Let us look at this further with an example. The SOAP message below shows how a service returns an array of compound types. The message is in response to an invocation of a Java method with the signature public PaymentDetail[] listScheduledPayments();
<?xml version="1.0" encoding="UTF-8"?> <env:Envelope xmlns:env="http://schemas.xmlsoap.org/soap/envelope/" xmlns:xsd="http://www.w3.org/2001/XMLSchema" xmlns:xsi="http://www.w3.org/2001/XMLSchema-instance" xmlns:enc="http://schemas.xmlsoap.org/soap/encoding/" xmlns:ns0="http://www.flutebank.com/xml" env:encodingStyle="http://schemas.xmlsoap.org/soap/encoding/"> <env:Body> <ns0:listScheduledPaymentsResponse> <result href="#ID1"/> </ns0:listScheduledPaymentsResponse> <ns0:ArrayOfPaymentDetail id="ID1" xsi:type="enc:Array" enc:arrayType="ns0:PaymentDetail[2]"> <item href="#ID2"/> <item href="#ID3"/> </ns0:ArrayOfPaymentDetail> <ns0:PaymentDetail id="ID2" xsi:type="ns0:PaymentDetail"> <date xsi:type="xsd:dateTime">2002-10-05T00:12:18.269Z</date> <account xsi:type="xsd:string">Credit</account> <payeeName xsi:type="xsd:string">Digital Credit Union</payeeName> <amt xsi:type="xsd:double">2000.0</amt> </ns0:PaymentDetail> <ns0:PaymentDetail id="ID3" xsi:type="ns0:PaymentDetail"> <date xsi:type="xsd:dateTime">2002-10-05T00:12:18.269Z</date> <account xsi:type="xsd:string">Credit</account> <payeeName xsi:type="xsd:string">AAA Club</payeeName> <amt xsi:type="xsd:double">180.0</amt> </ns0:PaymentDetail> </env:Body> </env:Envelope>
The body contains a compound type listScheduledPaymentsResponse, which refers to an array. The array contains two elements of compound type Payment-Detail, which are referred to as individual items.
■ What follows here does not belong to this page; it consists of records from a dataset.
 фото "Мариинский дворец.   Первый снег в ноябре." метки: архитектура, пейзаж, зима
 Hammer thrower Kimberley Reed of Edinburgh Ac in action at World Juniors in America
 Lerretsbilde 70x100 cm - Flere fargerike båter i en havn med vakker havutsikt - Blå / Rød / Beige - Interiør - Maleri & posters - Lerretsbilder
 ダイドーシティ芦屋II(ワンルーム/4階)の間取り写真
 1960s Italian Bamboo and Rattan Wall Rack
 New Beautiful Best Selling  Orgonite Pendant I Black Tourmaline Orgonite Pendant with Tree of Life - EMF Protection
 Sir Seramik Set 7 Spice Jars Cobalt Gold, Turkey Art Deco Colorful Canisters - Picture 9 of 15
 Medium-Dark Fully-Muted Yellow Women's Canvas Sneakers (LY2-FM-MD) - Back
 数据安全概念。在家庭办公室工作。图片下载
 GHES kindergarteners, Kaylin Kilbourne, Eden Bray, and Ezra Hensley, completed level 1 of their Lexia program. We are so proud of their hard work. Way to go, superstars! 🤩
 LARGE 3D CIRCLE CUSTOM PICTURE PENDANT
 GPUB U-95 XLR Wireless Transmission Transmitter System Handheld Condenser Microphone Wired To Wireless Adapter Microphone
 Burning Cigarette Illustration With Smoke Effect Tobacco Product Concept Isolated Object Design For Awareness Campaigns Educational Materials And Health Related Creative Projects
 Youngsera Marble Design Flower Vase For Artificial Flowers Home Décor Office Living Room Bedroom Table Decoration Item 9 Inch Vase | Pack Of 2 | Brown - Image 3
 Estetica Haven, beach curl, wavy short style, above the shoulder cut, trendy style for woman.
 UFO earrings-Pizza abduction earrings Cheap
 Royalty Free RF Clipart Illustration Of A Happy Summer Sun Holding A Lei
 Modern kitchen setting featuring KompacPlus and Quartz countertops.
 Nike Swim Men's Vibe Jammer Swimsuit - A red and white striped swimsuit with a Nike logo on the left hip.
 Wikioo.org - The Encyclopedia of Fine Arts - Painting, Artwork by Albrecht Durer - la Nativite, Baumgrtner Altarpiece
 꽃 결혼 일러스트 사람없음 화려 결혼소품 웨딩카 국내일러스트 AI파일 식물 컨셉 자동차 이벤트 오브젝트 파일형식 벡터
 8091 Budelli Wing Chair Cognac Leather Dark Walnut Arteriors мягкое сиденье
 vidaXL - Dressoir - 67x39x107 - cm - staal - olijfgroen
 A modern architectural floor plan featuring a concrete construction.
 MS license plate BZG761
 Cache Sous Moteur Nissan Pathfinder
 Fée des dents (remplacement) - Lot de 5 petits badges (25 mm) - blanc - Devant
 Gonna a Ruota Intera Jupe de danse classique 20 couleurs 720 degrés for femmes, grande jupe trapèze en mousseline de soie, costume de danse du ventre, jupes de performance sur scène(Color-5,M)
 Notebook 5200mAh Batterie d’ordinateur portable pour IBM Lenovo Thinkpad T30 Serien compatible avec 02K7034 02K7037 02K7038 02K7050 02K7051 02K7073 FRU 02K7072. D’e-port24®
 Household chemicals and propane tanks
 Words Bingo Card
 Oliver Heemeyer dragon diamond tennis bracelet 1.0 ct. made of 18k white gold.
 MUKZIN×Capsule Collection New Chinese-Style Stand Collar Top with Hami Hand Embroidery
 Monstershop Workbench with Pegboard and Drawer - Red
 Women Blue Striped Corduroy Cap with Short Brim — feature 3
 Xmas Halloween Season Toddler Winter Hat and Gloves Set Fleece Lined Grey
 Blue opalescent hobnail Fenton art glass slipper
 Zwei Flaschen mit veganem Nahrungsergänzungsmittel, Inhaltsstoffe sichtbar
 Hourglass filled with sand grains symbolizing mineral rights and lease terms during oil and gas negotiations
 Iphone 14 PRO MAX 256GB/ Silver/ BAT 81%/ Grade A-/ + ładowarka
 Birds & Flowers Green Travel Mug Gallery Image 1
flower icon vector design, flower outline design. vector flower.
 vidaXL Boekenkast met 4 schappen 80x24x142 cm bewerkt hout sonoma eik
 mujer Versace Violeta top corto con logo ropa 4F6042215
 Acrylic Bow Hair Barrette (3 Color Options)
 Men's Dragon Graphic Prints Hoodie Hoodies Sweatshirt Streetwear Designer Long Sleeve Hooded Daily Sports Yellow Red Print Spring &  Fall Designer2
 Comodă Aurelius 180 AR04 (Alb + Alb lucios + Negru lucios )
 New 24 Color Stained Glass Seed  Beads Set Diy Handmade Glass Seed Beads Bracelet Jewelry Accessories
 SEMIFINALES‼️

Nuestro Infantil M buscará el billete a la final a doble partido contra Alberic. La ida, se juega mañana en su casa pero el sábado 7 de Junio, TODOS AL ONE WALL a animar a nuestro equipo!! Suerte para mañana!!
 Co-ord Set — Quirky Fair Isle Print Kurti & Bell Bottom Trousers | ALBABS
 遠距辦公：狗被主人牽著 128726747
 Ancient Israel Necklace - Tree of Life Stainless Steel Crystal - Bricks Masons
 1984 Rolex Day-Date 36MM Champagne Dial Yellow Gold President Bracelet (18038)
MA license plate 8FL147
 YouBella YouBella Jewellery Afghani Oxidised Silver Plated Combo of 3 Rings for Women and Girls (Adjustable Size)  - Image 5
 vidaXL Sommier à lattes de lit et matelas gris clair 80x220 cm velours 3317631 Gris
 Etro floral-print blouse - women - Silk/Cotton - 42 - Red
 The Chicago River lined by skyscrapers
In all the above examples, we have specified the encodingStyle attribute for the entire envelope. Sometimes it may be desirable to have different encoding schemes defined within a single message. SOAP accomodates this requirement by providing the ability to specify an encodingStyle at the element level. The general rule is that child elements inherit the encoding style of the parent elements, unless they override the parent's encoding style with one of their own.